This excerpt is from an expanded version of a commencement address given by the journalist/writer Mark Danner to the graduates of the Department of English of University of California at Berkeley, May 15, 2005 (published in The New York Review of Books, June 23. Emphasis added.)
“When I was sitting where you [graduates] are sitting now the issue was Central America and in particular the war in El Salvador…[America was] supporting a government in El Salvador that was fighting the war by massacring its own people. I wrote about one of those events in my first book, The Massacre at El Mozote, which told of the murder of a thousand or so civilians by a new, elite battalion of the Salvadoran army—a battalion that the Americans had trained…Looking back at that story…I see now that in part I was trying to find a kind of moral clarity; a place, if you will, where [the] gulf…between what we see and what is said didn’t exist. Where better to find that place than in the world where massacres and killings and torture happen, in the place, that is, where we find evil. What could be clearer than that kind of evil?

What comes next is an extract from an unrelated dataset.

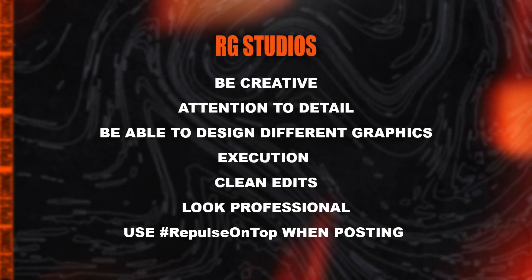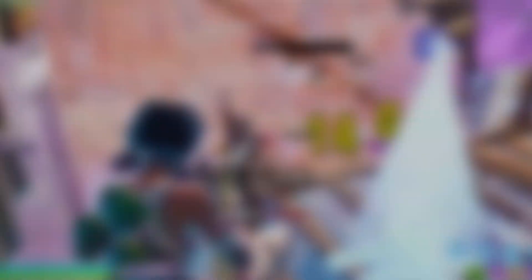To become a part of RG Studios as a graphic designer, we would like to see a plethora of things from you. The main things we want to see is creativeness and attention to detail. When we look at your designs, they should be very creative as well as we want to see a bunch of detail that is well executed and shown. Also, having experience with different styles as well as different kinds of designs such as banners, logos, stream overlays, etc., will improve your chance of joining.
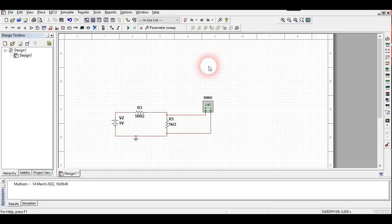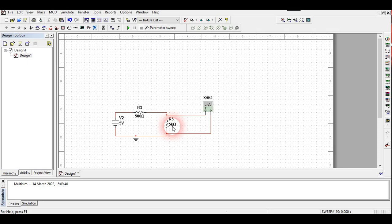You can either use the parameter sweep method or manually change the load resistor value each time, finding V and I and multiplying them to get power dissipation. This concludes the experiment. I hope you have understood how to perform the Maximum Power Transfer Theorem experiment. Thank you for watching.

“But I discovered it was not clear at all. Chat with a Salvadoran general about the massacre of a thousand people that he ordered and he will tell you that it was military necessity, that those people had put themselves in harm’s way by supporting the guerrillas, and that “such things happen in war.” Speak to the young conscript who wielded the machete and he will tell you that he hated what he had to do, that he has nightmares about it still, but that he was following orders…Talk to the State Department official who helped deny that the massacre took place and he will tell you that there was no definitive proof and, in any case, he [denied] it to protect and promote the vital interests of the United States. None of them is lying. I found that if you search for evil, once you leave the corpses behind you will have great difficulty finding the needed grimacing face.”